- [Exercise]
Every line below must come back exactly as it stands, with the images omitted.

The input section start

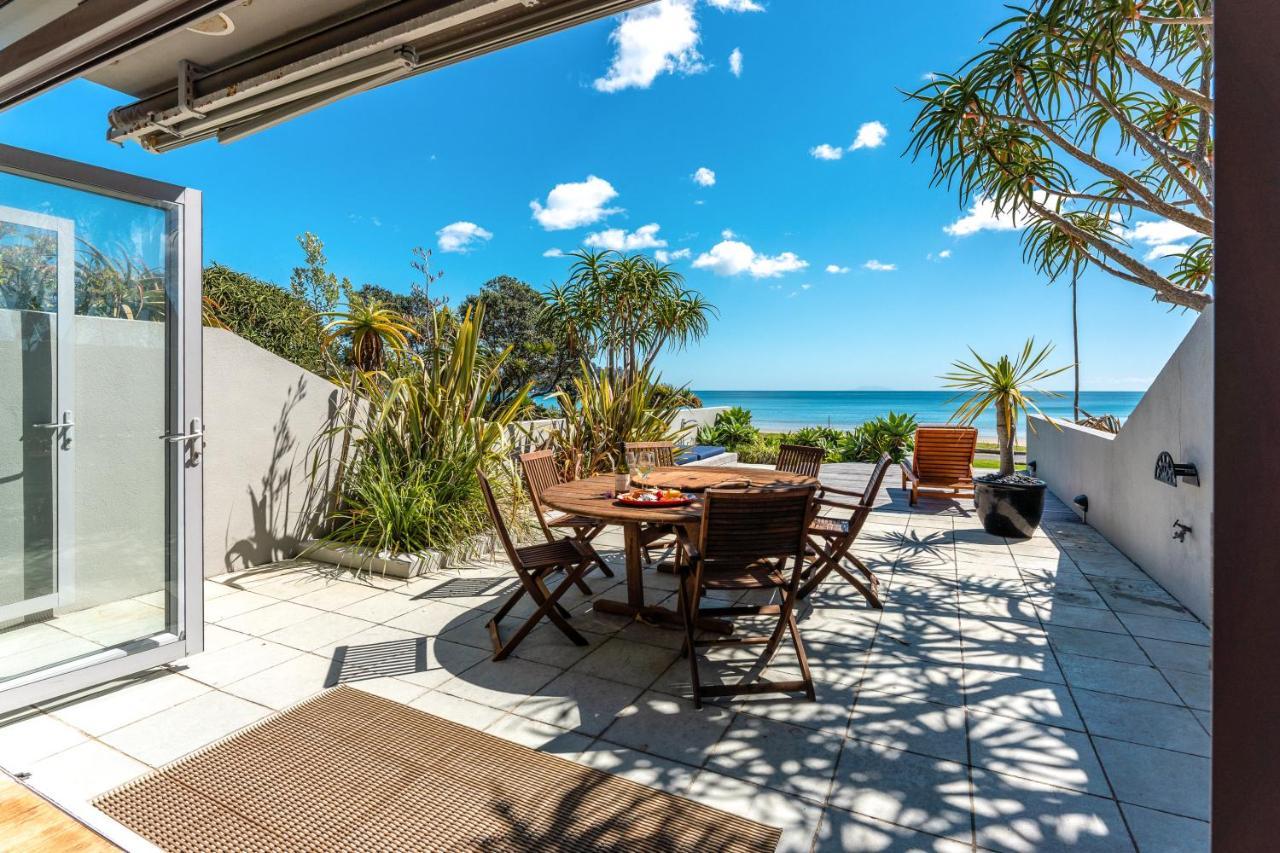 The Sands - Villa 28 - Stay Waiheke Onetangi Buitenkant foto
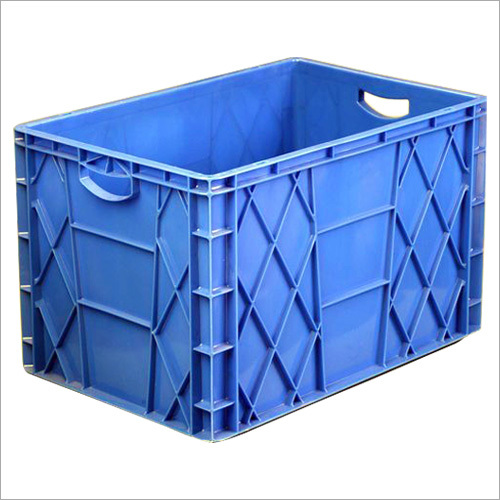 Customized Industrial Crate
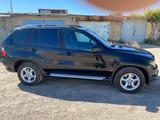 BMW X5 2004 годаүшін5 900 000 тг. в Актау – фото 3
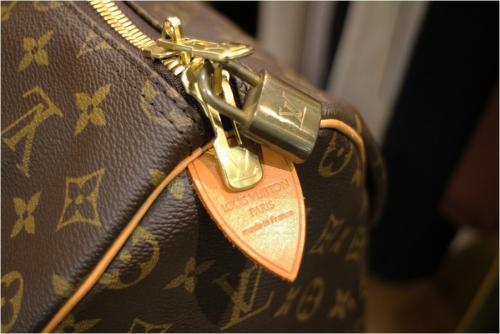 ルイ ヴィトン　のバッグ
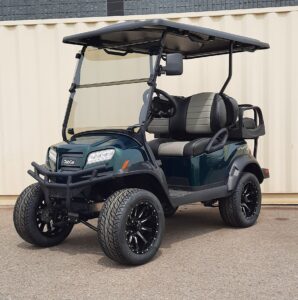 2023 Club Car Onward 4-Pass Elec. HP Golf Cart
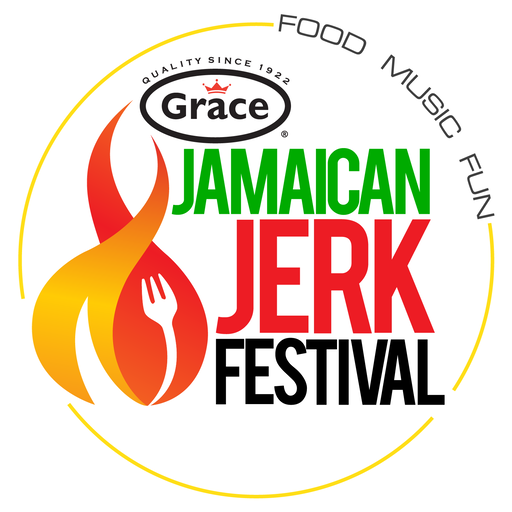 Grace Jamaican Jerk Festival 2026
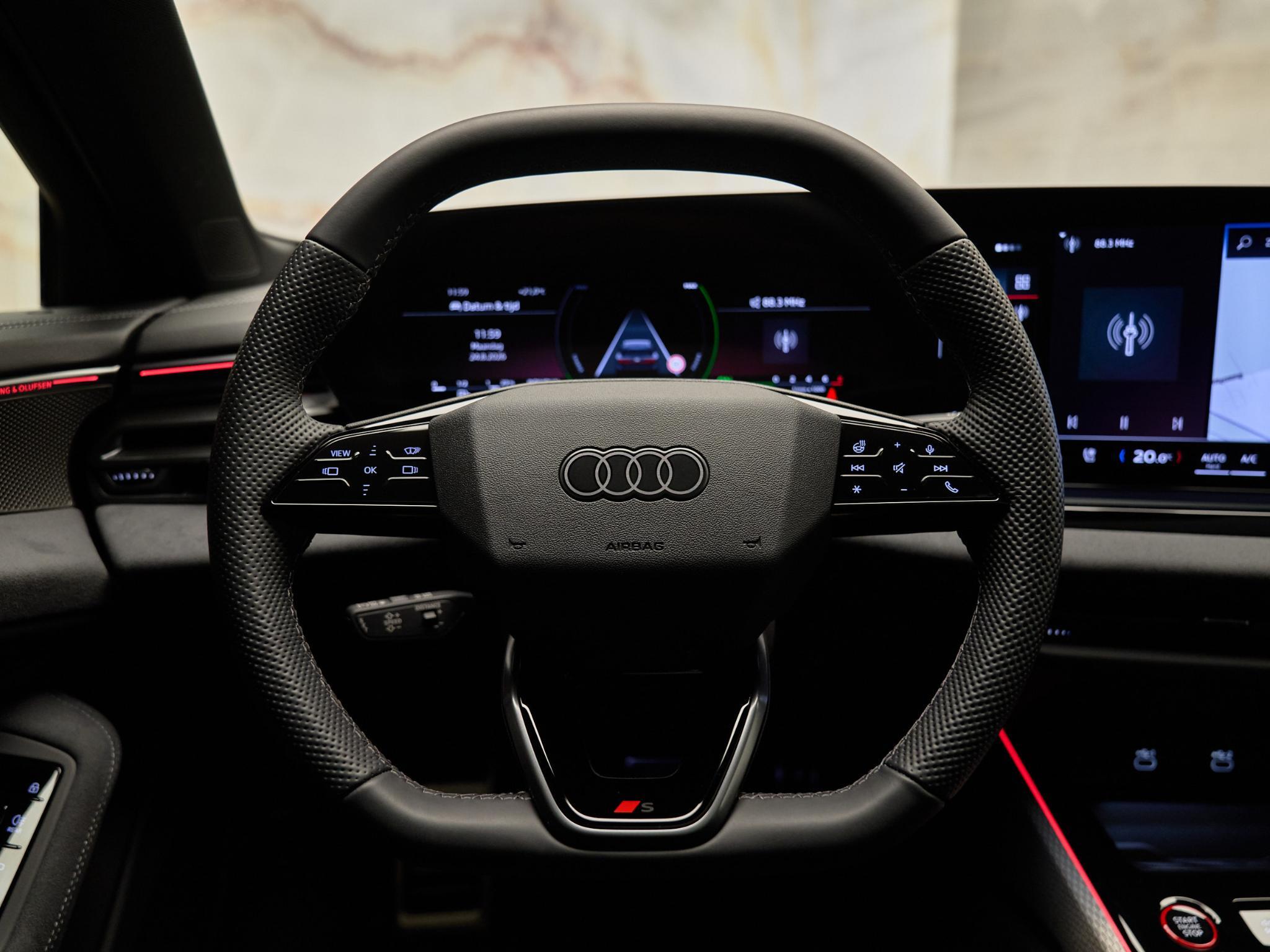 Audi A6 - 17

The input section end

- [The completed task]
 The Sands - Villa 28 - Stay Waiheke Onetangi Buitenkant foto
 Customized Industrial Crate
 BMW X5 2004 годаүшін5 900 000 тг. в Актау – фото 3
 ルイ ヴィトン　のバッグ
 2023 Club Car Onward 4-Pass Elec. HP Golf Cart
 Grace Jamaican Jerk Festival 2026
 Audi A6 - 17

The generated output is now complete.